- **Work task**
Would you print the records below word for word, without the pictures?

### Records to use

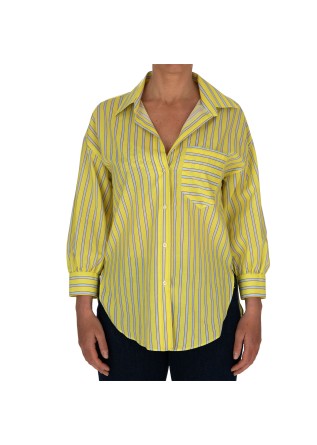 LIBERTY ROSE | CAMICIA VIOLA GIALLO AZZURRO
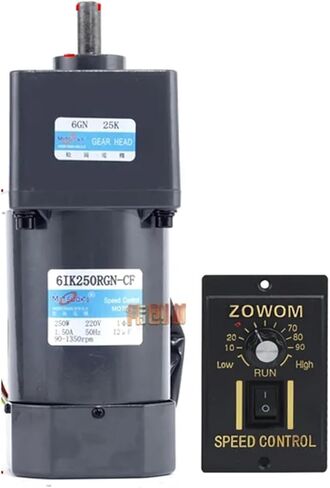 6IK250RGN-CF 250 واط 220 فولت تيار متردد، محرك حثي للتحكم في سرعة التروس، للأمام والخلف، سرعة قابلة للتعديل + وحدة تحكم في السرعة (45 دورة في الدقيقة) in Kuwait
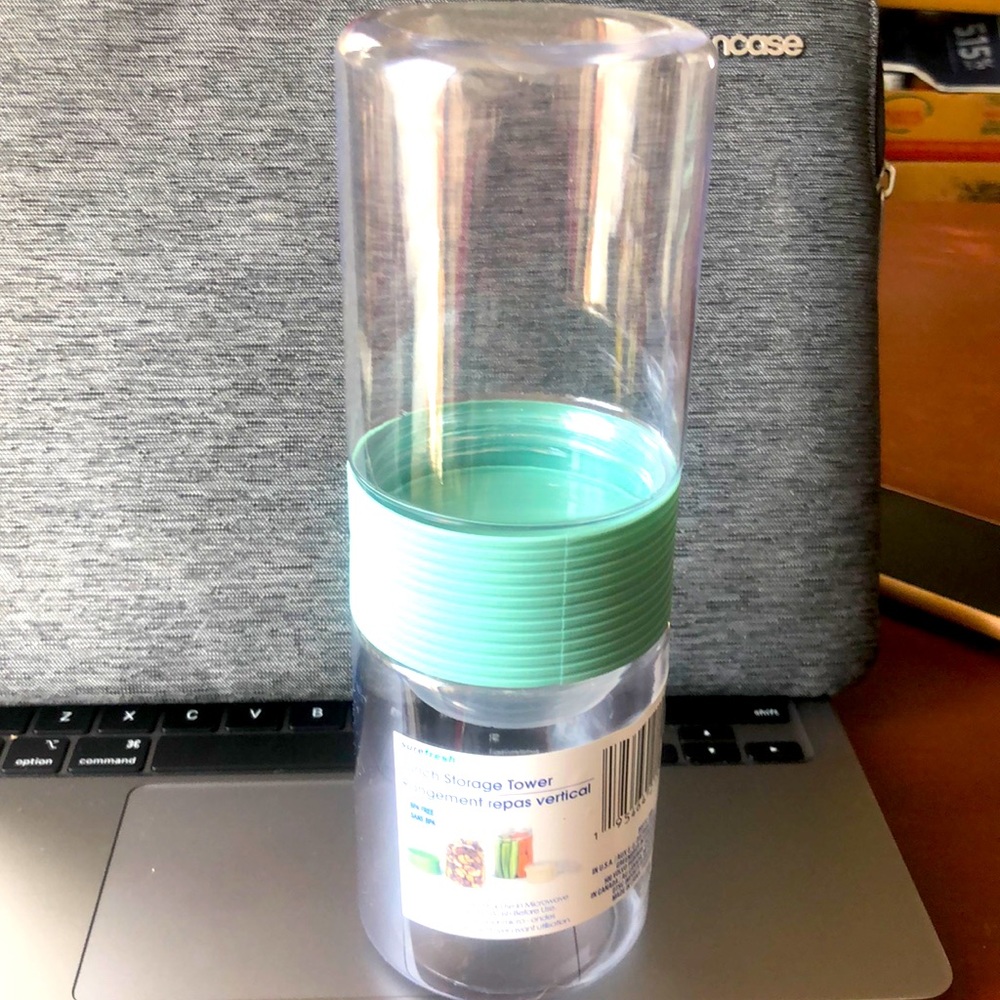 Lunch storage tower :You can store any thing nuts,Spices,teas,Smoothy, soups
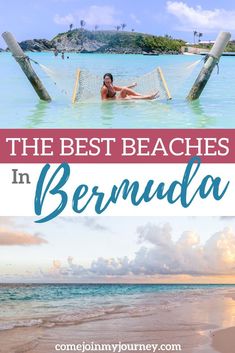 the best beaches in bermuda with text overlay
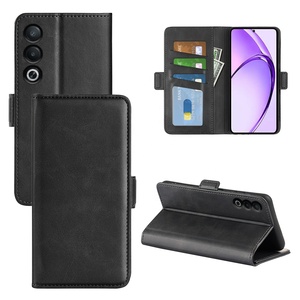 Nueva marca para <span class=keywords><strong>Oppo</strong></span> K9 A3 A5 Pro 5G <span class=keywords><strong>A17</strong></span> A17K Luxury Calf Pu Leather Wallet Flip Card Holder Phone Case - Product Image 5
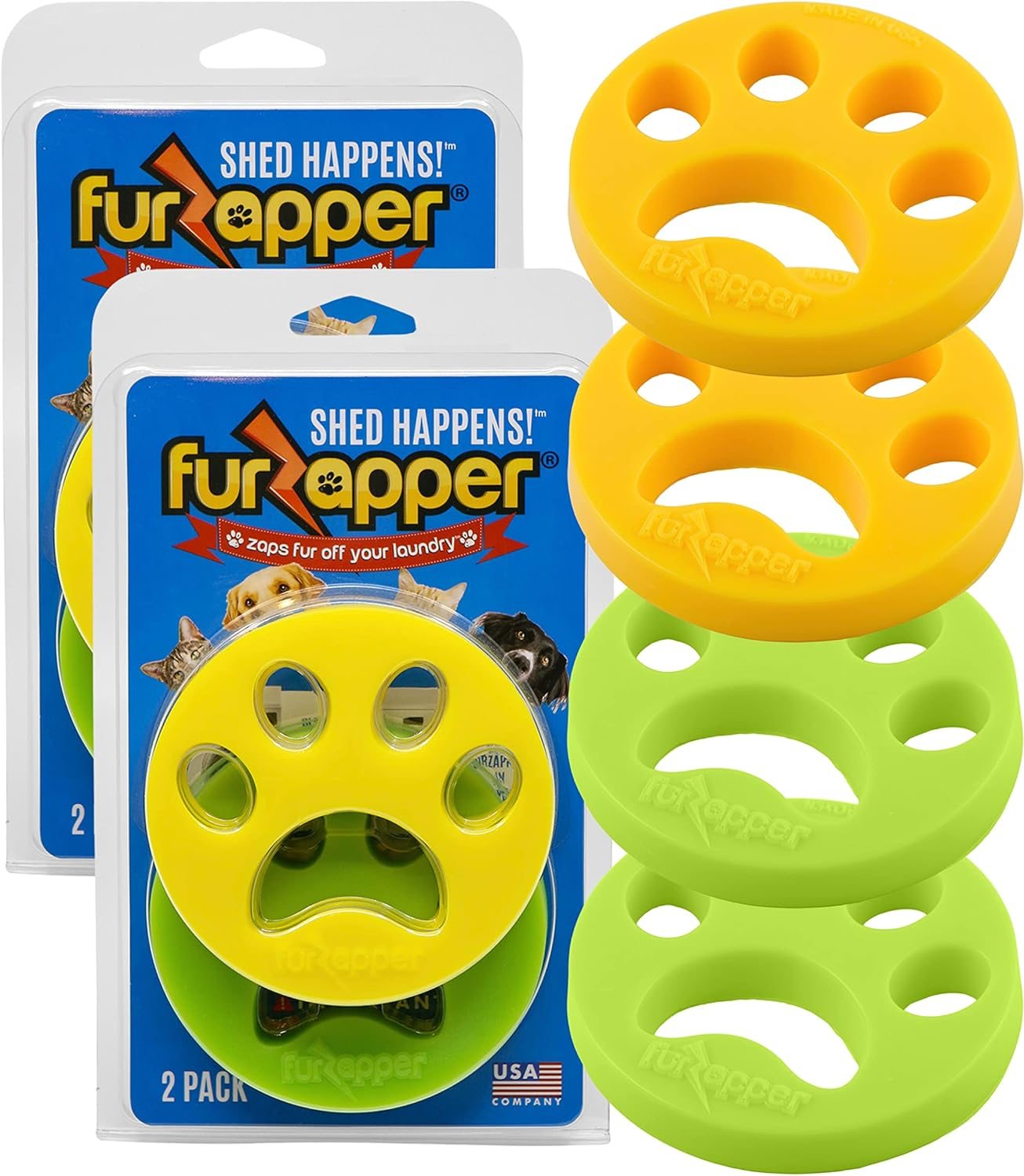 FurZapper Pet Hair Remover for Laundry, 4 Count – Reusable Dog & Cat Hair Remover Tool As Seen on Shark Tank – Removes Pet Fur, Hair, Lint, Dander from Clothes & Laundry – One FurZapper Per Pet FurZapper Pet Hair Remover for Laundry, 4 Count – Reusable Dog & Cat Hair Remover Tool As Seen on Shark Tank – Removes Pet Fur, Hair, Lint, Dander from Clothes & Laundry – One FurZapper Per Pet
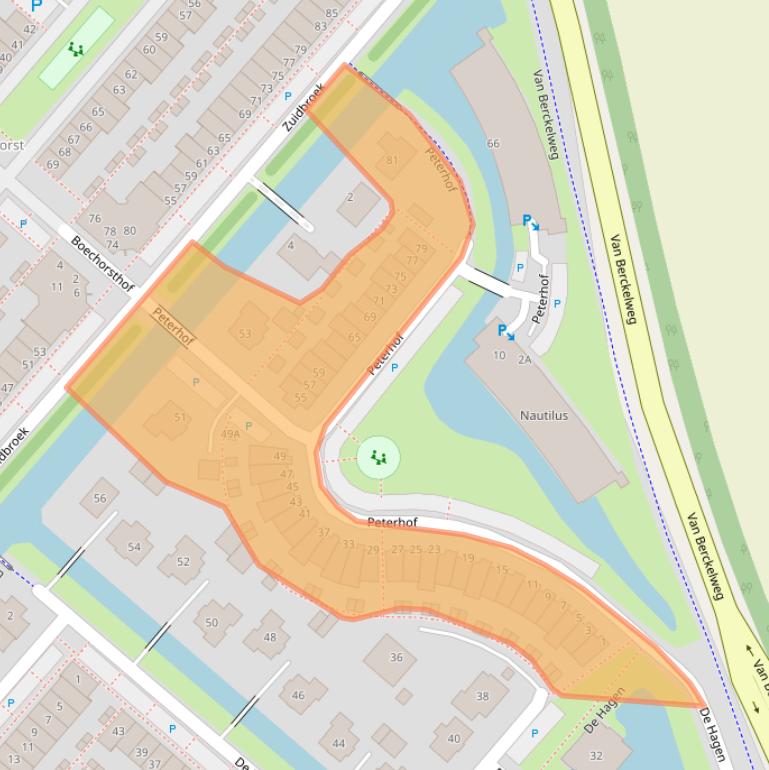 Kaart van postcodegebied 2201TG.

######

- **Completed task**
 LIBERTY ROSE | CAMICIA VIOLA GIALLO AZZURRO
 6IK250RGN-CF 250 واط 220 فولت تيار متردد، محرك حثي للتحكم في سرعة التروس، للأمام والخلف، سرعة قابلة للتعديل + وحدة تحكم في السرعة (45 دورة في الدقيقة) in Kuwait
 Lunch storage tower :You can store any thing nuts,Spices,teas,Smoothy, soups
 the best beaches in bermuda with text overlay
 Nueva marca para <span class=keywords><strong>Oppo</strong></span> K9 A3 A5 Pro 5G <span class=keywords><strong>A17</strong></span> A17K Luxury Calf Pu Leather Wallet Flip Card Holder Phone Case - Product Image 5
 FurZapper Pet Hair Remover for Laundry, 4 Count – Reusable Dog & Cat Hair Remover Tool As Seen on Shark Tank – Removes Pet Fur, Hair, Lint, Dander from Clothes & Laundry – One FurZapper Per Pet FurZapper Pet Hair Remover for Laundry, 4 Count – Reusable Dog & Cat Hair Remover Tool As Seen on Shark Tank – Removes Pet Fur, Hair, Lint, Dander from Clothes & Laundry – One FurZapper Per Pet
 Kaart van postcodegebied 2201TG.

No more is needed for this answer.